It’s long been good practice to include some sort of tracing in code to help with problems as and when they arise (and they will). And as maligned as simply dumping to stdout is, I would prefer to see this than no trace at all. However, numerous logging frameworks exist and there’s little excuse not to use one.
We have though gotten into the habit of disabling much of this valued output in order to preserve performance. This is understandable of course as heavily used components or loops can chew up an awful lot of time and I/O writing out “Validating record 1 of 64000000. Validating record 2 of 64000000…” and so on. Useful huh?
And we have various levels of output – debug, info, warning, fatal – and the ability to turn the output level up for specific classes or libraries. Cool.
But what we do in production is turn off anything below a warning and when something goes wrong we scramble about; often under change control, to try and get some more data out of the system. And most of the time… you need to add more debug statements to the code to get the data out that you want. Emergency code releases, aren’t they just great fun?
Let’s face it, it’s the 1970’s and we are; on the whole, British Leyland knocking up rust buckets which break down every few hundred miles for no reason at all.
My parents had several of these and they were, without exception, shit.
One of the most significant leaps forward in the automotive industry over the past couple of decades has been the instrumentation of many parts of the car along with complex electronic management systems to monitor and fine tune performance. Now when you open the bonnet (hood) all you see is a large plastic box screaming “Do not open!”.

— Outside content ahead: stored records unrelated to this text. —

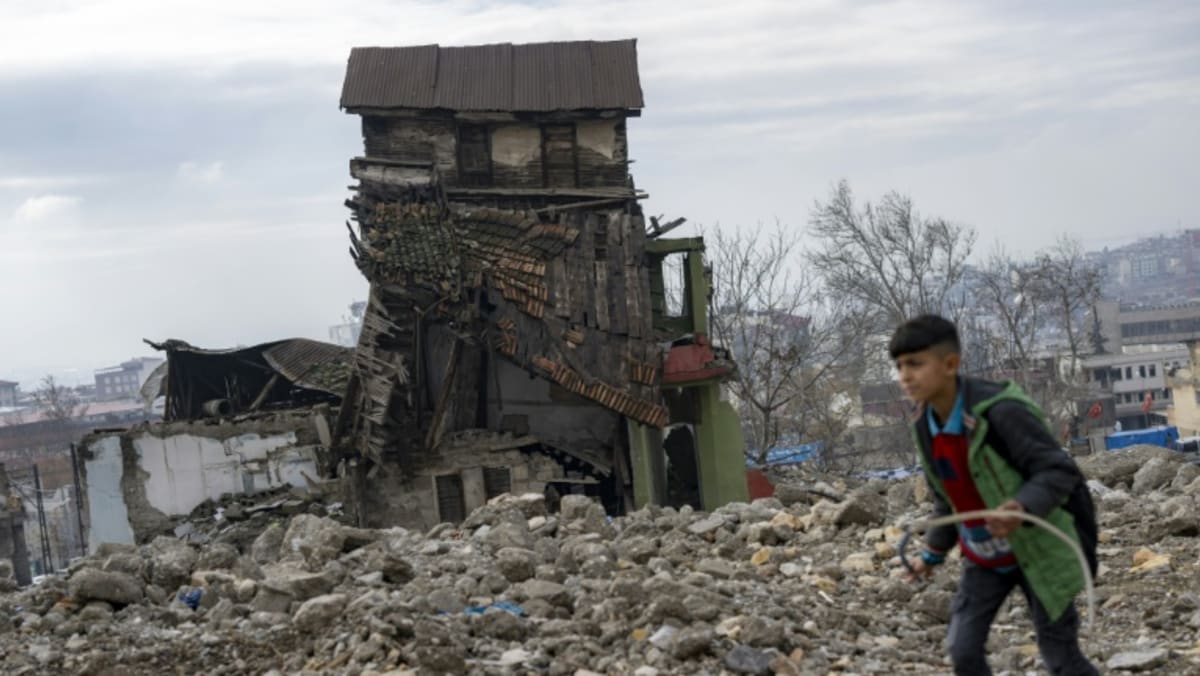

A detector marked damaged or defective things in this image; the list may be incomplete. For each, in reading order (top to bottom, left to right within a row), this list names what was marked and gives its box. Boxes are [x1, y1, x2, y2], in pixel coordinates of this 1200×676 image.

damaged wooden building [338, 39, 744, 530]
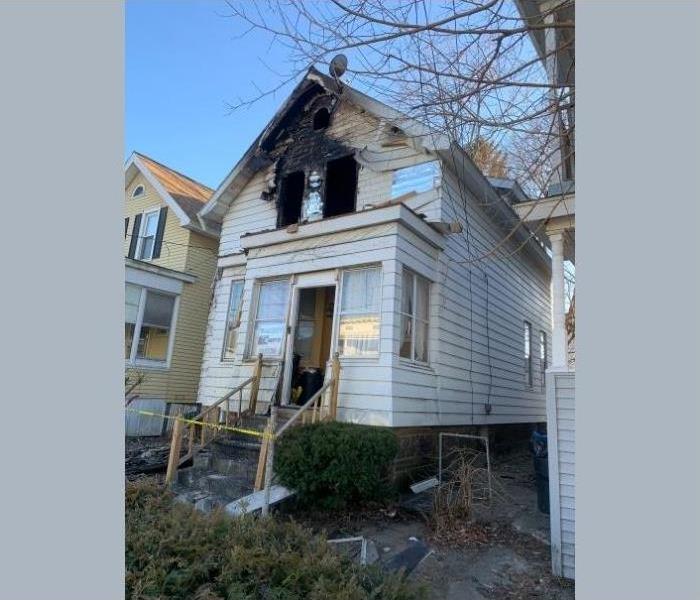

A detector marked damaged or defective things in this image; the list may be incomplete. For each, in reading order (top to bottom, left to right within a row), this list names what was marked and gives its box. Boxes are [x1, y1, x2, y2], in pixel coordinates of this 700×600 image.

broken window opening [314, 108, 332, 131]
broken window opening [278, 171, 304, 227]
broken window opening [324, 155, 358, 218]
damaged white house [194, 68, 548, 474]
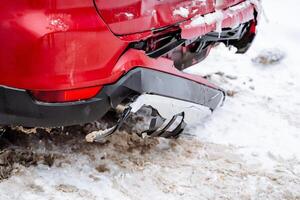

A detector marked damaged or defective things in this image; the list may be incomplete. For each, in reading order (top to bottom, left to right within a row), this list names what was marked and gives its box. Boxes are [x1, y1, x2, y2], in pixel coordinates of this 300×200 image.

And if you look really carefully you might find a naff looking SMART socket when an engineer can plug his computer in to get more data out. The car can tell him which bit is broken and probably talk him through the procedure to fix it…
Meanwhile, back in the IT industry…
It’s high time we applied some of the lessons from the failed ’70s automotive industry to the computer systems we build (and I don’t mean the unionised industries). Instrument your code!

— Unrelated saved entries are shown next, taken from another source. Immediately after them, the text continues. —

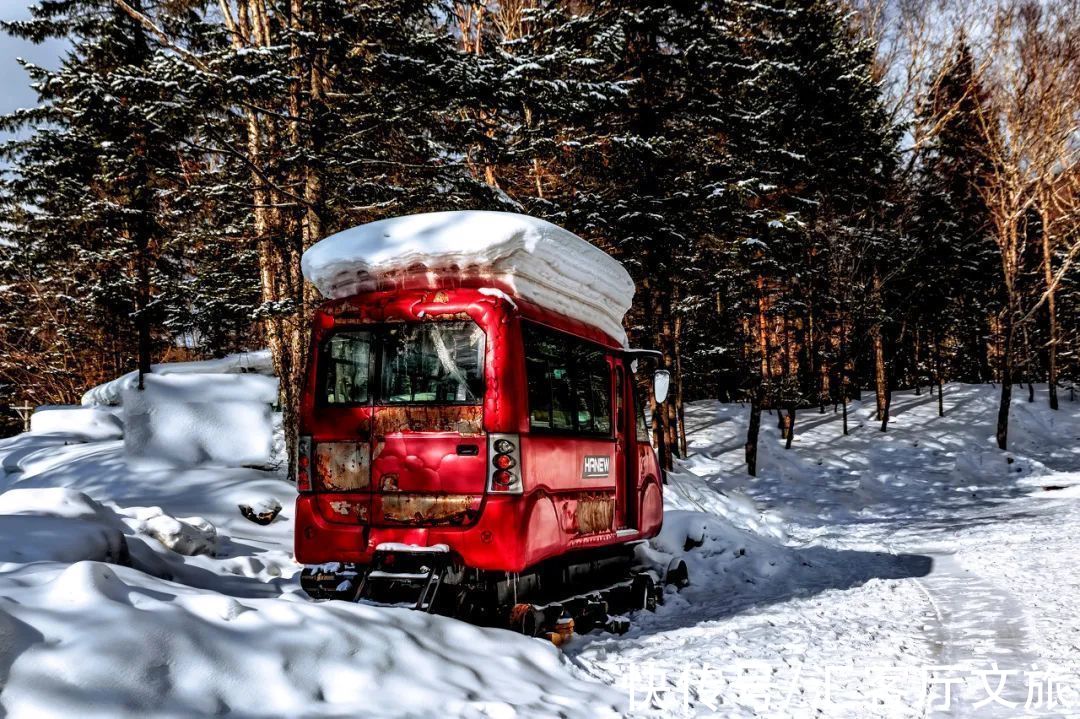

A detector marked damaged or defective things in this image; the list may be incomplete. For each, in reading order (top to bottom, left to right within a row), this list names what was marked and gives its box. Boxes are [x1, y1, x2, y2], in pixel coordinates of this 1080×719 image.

rust patch on red panel [375, 405, 486, 433]
rust patch on red panel [315, 440, 371, 490]
rust patch on red panel [380, 492, 481, 526]
rust patch on red panel [574, 492, 617, 531]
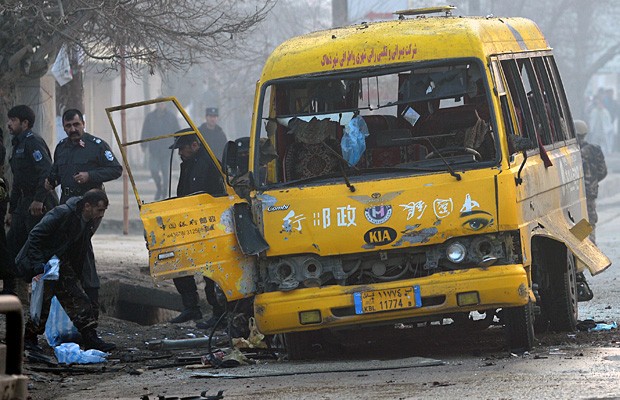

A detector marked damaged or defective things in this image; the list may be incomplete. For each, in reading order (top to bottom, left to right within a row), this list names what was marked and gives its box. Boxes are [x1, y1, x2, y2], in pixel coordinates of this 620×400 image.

destroyed yellow bus [106, 5, 612, 356]
damaged front bumper [254, 262, 532, 334]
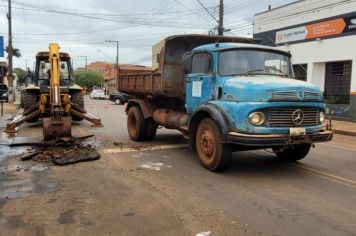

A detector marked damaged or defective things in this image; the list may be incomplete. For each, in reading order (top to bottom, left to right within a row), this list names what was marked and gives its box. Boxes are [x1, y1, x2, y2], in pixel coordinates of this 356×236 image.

rusty vehicle [6, 43, 102, 140]
rusty vehicle [119, 34, 334, 171]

For every piece of code, for every component part of your system, you need to ask, “what should I monitor?”. It should go without saying that you need to log exceptions when they’re raised but you should also consider logging:
- Time-spent (in milli or microseconds) for potentially slow operations (i.e. anything that goes over a network or has time-complexity risks).

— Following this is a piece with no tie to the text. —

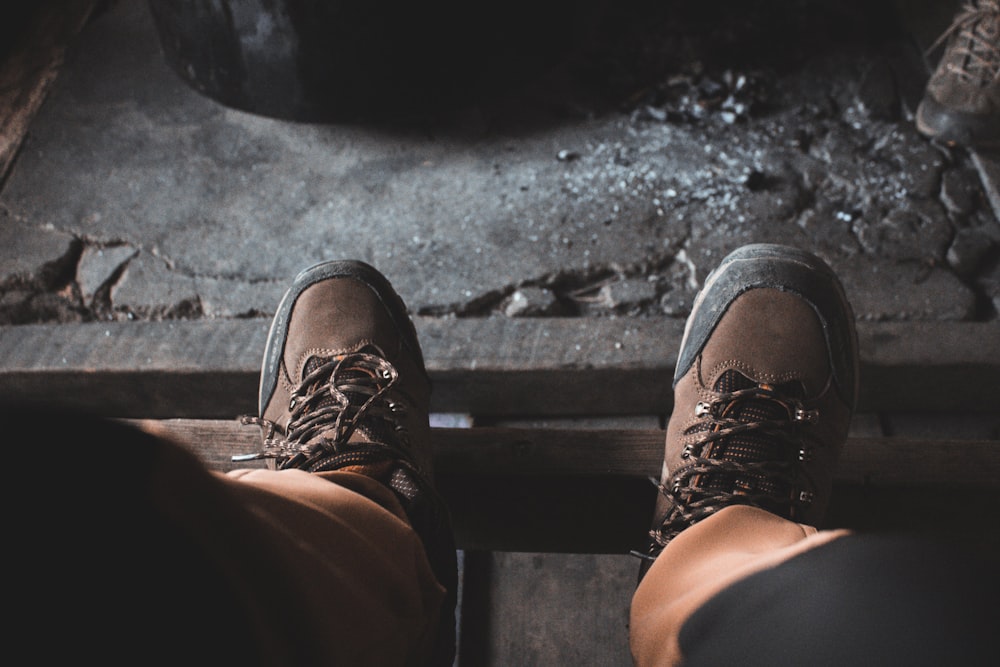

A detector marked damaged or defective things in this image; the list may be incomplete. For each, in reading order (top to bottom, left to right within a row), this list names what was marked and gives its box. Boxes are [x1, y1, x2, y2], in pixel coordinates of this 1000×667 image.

cracked concrete floor [0, 0, 996, 324]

- Frequency of occurrence – Just log the event and let the monitoring tools do the work to calculate frequency.
- Key events – Especially entry points into your application (web access logs are a good place to start), startup, shutdown etc. but also which code path requests went down.
- Data – Recording specific parameters or configuration items etc. You do though need to be very careful here as to what you record to avoid having any personal or sensitive data in log files – no passwords or card numbers etc…
- Environment utilisation – CPU, memory, disk, network – Necessary to know how badly you’re affecting the environment in which your code is homed.
If you can scale the application horizontally you can probably afford the few microseconds it’s going to take to log the required data safely enough.
Then, once logged you need to process and visualise this data. I would recommend decoupling your application from the monitoring infrastructure as much as possible by logging to local files or; if that’s not possible, stream it out asynchronously to somewhere (a queue, Amazon Kinesis etc.). By decoupling you keep the responsibilities clear and can vary either without necessarily impacting the other.
You then need some agent to monitor the logged output and upload it to some repository, a repository to store the data and some means of analysing this data as and when required.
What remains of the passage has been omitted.